Sześć miesięcy na wyjazdowe zwycięstwo w I lidze czekali piłkarze Zawiszy. Jednym z architektów triumfu w Płocku był bramkarz gości Andrzej Witan.

Adrian Dudkiewicz
Adrian Dudkiewicz

Bydgoszczanie na początku wiosny mieli spore problemy z obsadą bramki. Słabo spisywał się rezerwowy bułgarski bramkarz Bojan Pejkov, a pozostali jego konkurencji byli nie zdolni do gry. Teraz Witan wrócił do podstawowego składu Zawiszy i jest jednym z najpewniejszych punktów swojej drużyny.

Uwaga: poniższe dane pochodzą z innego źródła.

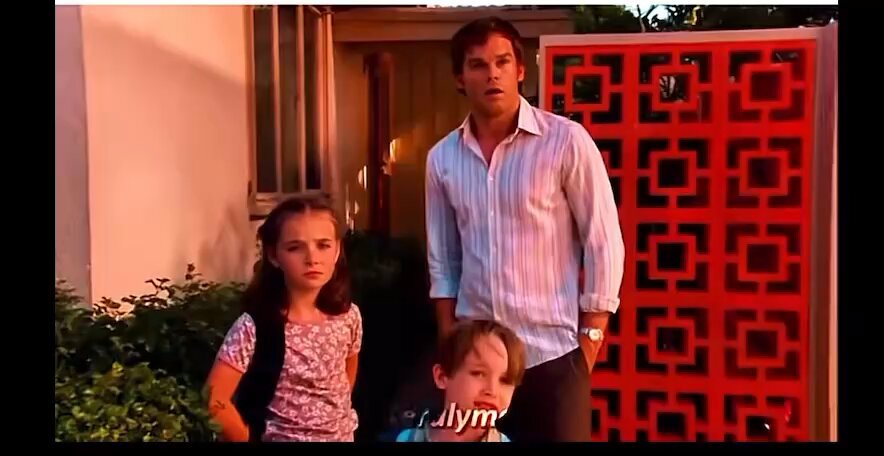 In this image, a man and two girls are standing together near a house door that features red tile work. The people appear close to each other, and they seem to be engaging with each other or the camera directly. A text overlay on the picture reads "I'M REALIZING I Don'T NEED TO PAY $750K/year FOR BLOCKCHAIN data Because I can get it for free using API Keys ... Cocoa (CA), Coffee (CF), Raw Sugar (RS), Live Cattle (LC)", which suggests that the post might be related to a discussion on cryptocurrency or blockchain technology.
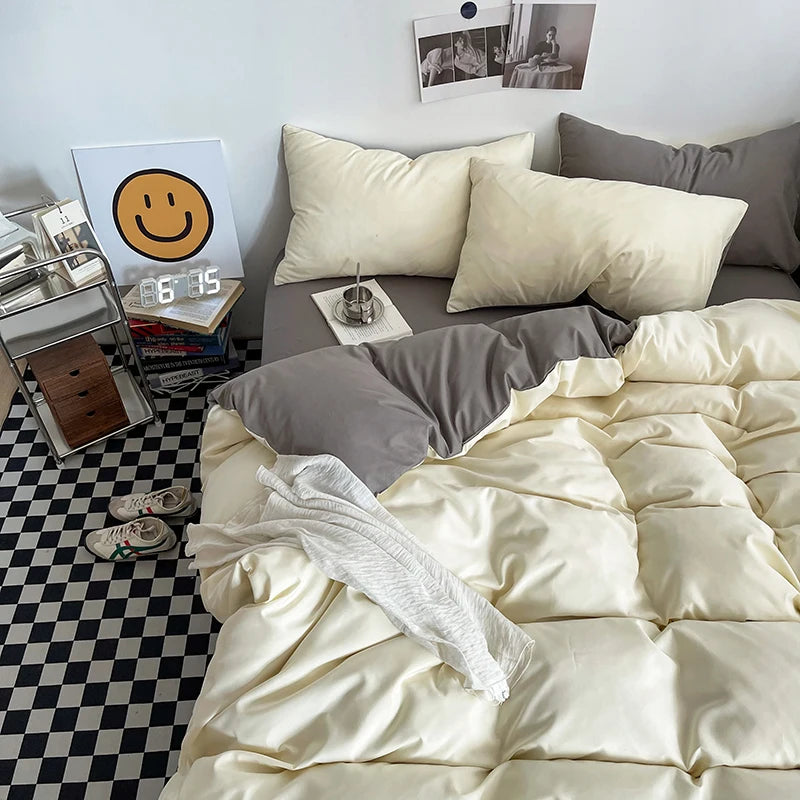Neatly made bed with beige bedding in a room with a checkered floor.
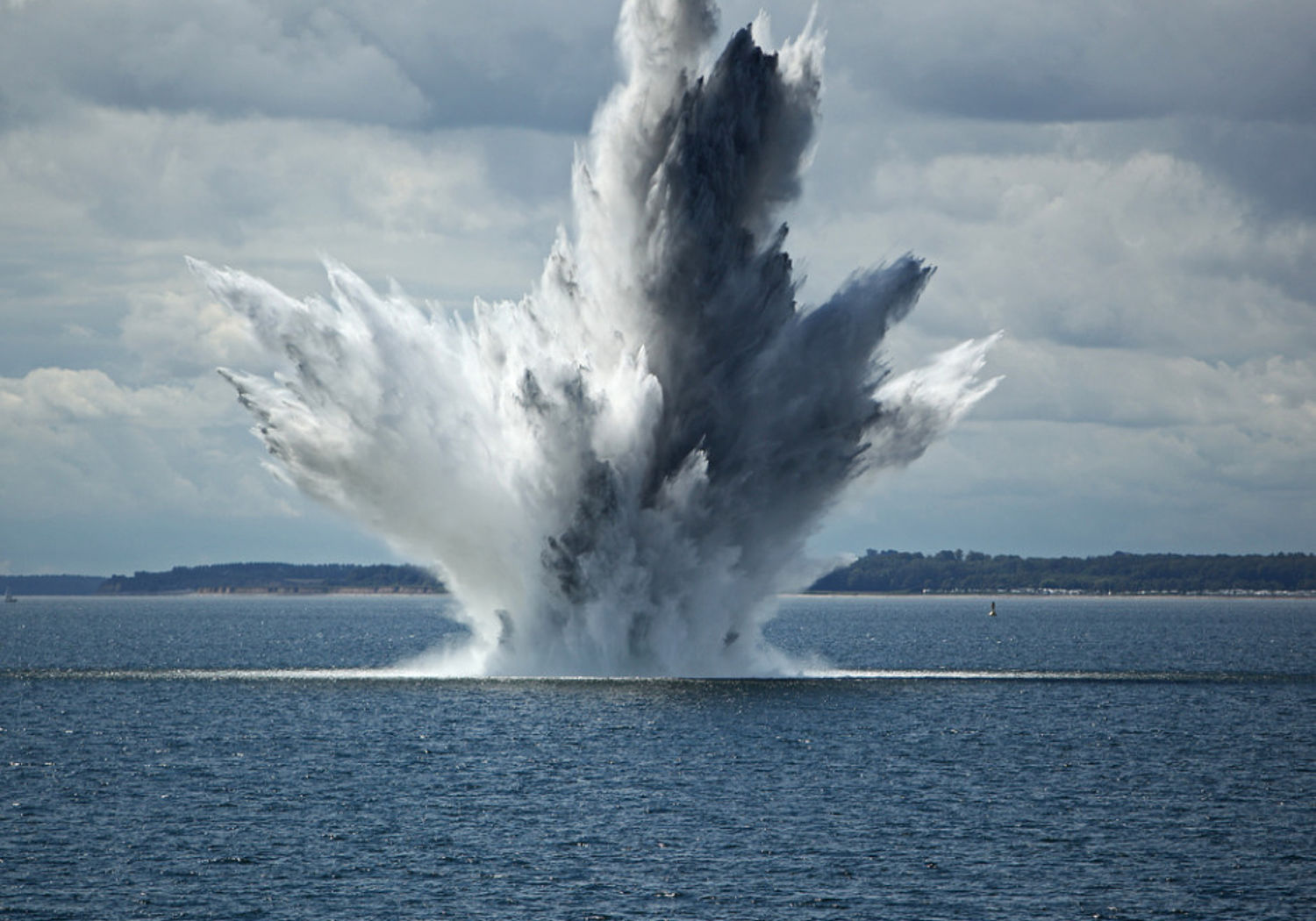 Image showing a huge water fountain caused by a below surface explosion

Tak było chociażby podczas sobotniego spotkania w Płocku.

- Ponownie zafundowaliśmy sobie ciężką końcówkę, ale na szczęście trzy punkty są nasze - oznajmił Witan. - Teraz właściwie co mecz mamy nerwowe końcówki. Tak było w Polkowicach i w sobotę w Płocku. Na szczęście z Wisłą po raz pierwszy na wyjeździe udało nam się wywalczyć trzy punkty. To dla nas naprawdę wielka sprawa.

Już w środę bydgoszczan czeka prestiżowy pojedynek z Arką Gdynia. Swój przyjazd na stadion Zawiszy zapowiedziało ponad tysiąc kibiców znad morza. Możemy się spodziewać nie tylko dobrej gry na boisku, ale też świetnej atmosfery na trybunach. - To kolejny ciężki rywal. O spotkaniu z Arką jeszcze nie myślimy. W minionych dniach dla nas najważniejszy był zwycięski pojedynek w Płocku i tak będziemy teraz podchodzić do każdego ligowego meczu.

- W nadchodzących dniach czekają nas ciekawi rywale. Teraz mierzmy się z Arką Gdynia, potem na wyjeździe z Polonią Bytom, a w połowie maja do Bydgoszczy przyjeżdża Pogoń Szczecin. Do rozegrania pozostało zaledwie pięć kolejek, czyli piętnaście punktów do zdobycia. Musimy do ostatniego pojedynku w Gliwicach powalczyć o ten awans - zakończył Witan.